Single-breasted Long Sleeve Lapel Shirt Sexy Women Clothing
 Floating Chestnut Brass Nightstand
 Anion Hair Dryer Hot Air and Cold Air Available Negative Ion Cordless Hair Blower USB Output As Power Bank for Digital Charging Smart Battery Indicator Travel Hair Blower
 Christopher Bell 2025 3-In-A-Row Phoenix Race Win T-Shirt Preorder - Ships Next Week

- - - - -

PROBLEM REQUIREMENTS. Please retype exactly, and only, the lines starting at the one that contains "Floating Chestnut Brass Nightstand" and ending with the last line of the material.

REPLY TO THE TASK.
 Floating Chestnut Brass Nightstand
 Anion Hair Dryer Hot Air and Cold Air Available Negative Ion Cordless Hair Blower USB Output As Power Bank for Digital Charging Smart Battery Indicator Travel Hair Blower
 Christopher Bell 2025 3-In-A-Row Phoenix Race Win T-Shirt Preorder - Ships Next Week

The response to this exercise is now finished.